The Grading of Recommendations Assessment, Development and Evaluation Reliability Study (the GRADERS)

2012 Auckland

Mustafa R¹, Santesso N¹, Brozek J¹, Akl E², Schunemann H¹

¹McMaster University, Hamilton, Canada

²The State University of New York, University at Buffalo, NY, USA. McMaster University, Hamilton, Canada

Background: The Grading of Recommendations Assessment, Development and Evaluation (GRADE) approach has been widely adopted for summarizing, grading and presenting evidence by systematic reviewers and guideline developers.

Objectives: 1. Evaluate the inter-rater reliability of assessing quality of evidence (QoE) using the GRADE approach. 2. Evaluate the effect of assessing QoE in duplicate on the reliability of this approach.

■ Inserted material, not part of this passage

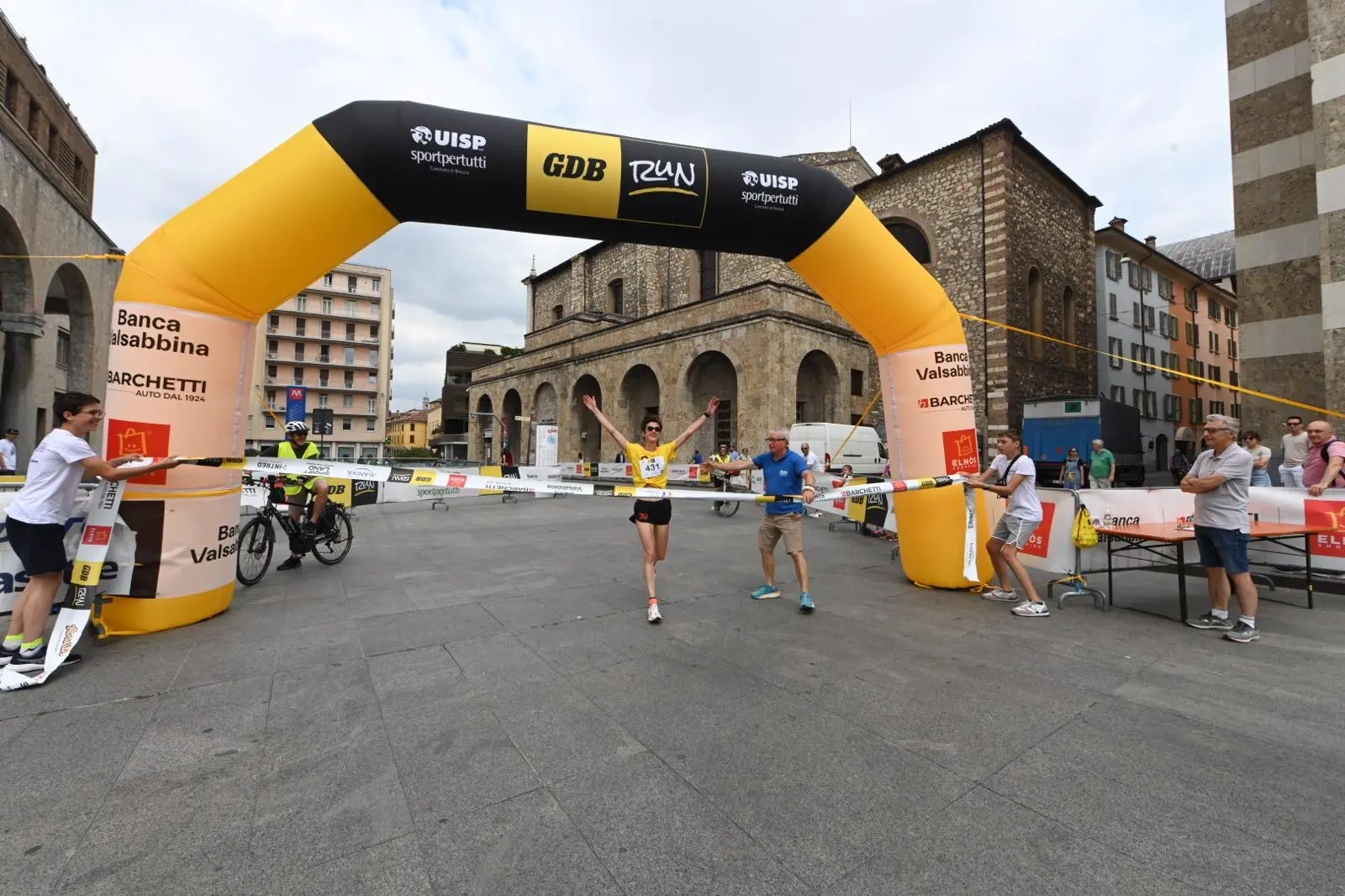 GdB Run: gli arrivi al traguardo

Methods: All participants completed two training exercises prior to the study. Participants worked independently as single raters initially to assess the QoE of four outcomes from four systematic reviews. After recording their initial impression of QoE using a global rating on a visual analog scale, raters graded theQoE following the GRADE approach. Subsequently, we randomly paired raters and asked them to submit a consensus QoE rating. Investigators, data abstractors and data analysts were unaware of raters’ identification. We used generalizability theory to calculate a reliability coefficient.

Results: Fifteen volunteers from the GRADE working group and 10 from the Health ResearchMethodology graduate program at McMaster University participated in the study. Members of the GRADE working group had more experience with GRADE approach at baseline. The inter-rater reliability of the GRADE approach in assessing the QoE when single raters evaluated the body of evidence was 0.66 among the HRM students and 0.72 among members of the GRADE working group. The inter-rater reliability of a global rating of QoE using VAS (without using the GRADE approach) was lower −0.31 and 0.27 respectively. The inter-rater reliability did not improve when QoE was assessed by pairs of raters reaching consensus on the final rating.

Discussion: Our findings support the presumption that using GRADE approach by trained individuals is more reliable than intuitive judgments about the QoE. The results also suggest that single raters are sufficient to reliably assess the QoE using GRADE system.